> _Dataset section_:
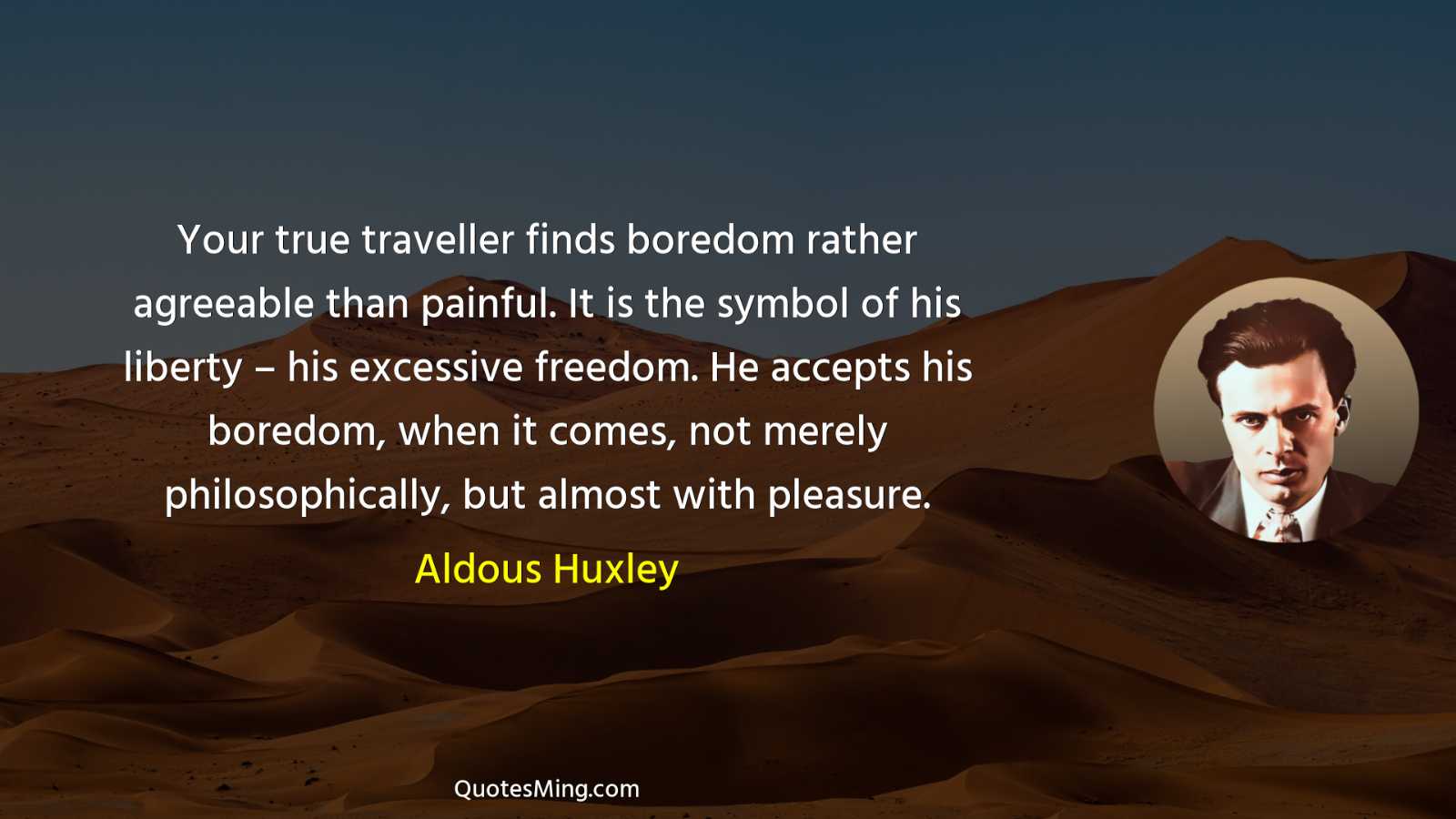 Your true traveller finds boredom rather agreeable than painful It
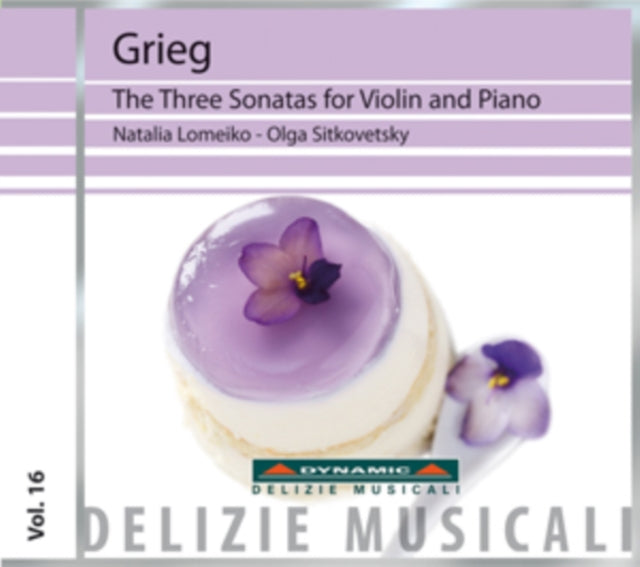 Grieg: The Three Sonatas for Violin and Piano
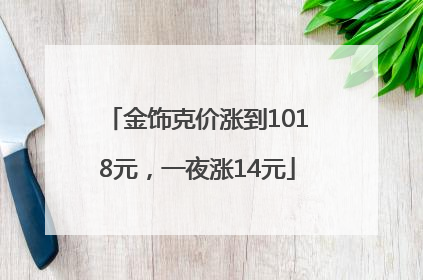 金饰克价涨到1018元，一夜涨14元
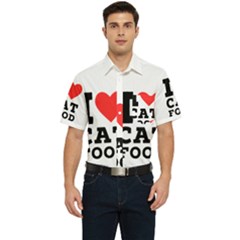 I Love Cat Food Men s Short Sleeve Pocket Shirt  by ilovewhateva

> _Prompt_:
Restate each line of the material word for word, skipping any picture.

> _Exercise solution_:
 Your true traveller finds boredom rather agreeable than painful It
 Grieg: The Three Sonatas for Violin and Piano
 金饰克价涨到1018元，一夜涨14元
 I Love Cat Food Men s Short Sleeve Pocket Shirt  by ilovewhateva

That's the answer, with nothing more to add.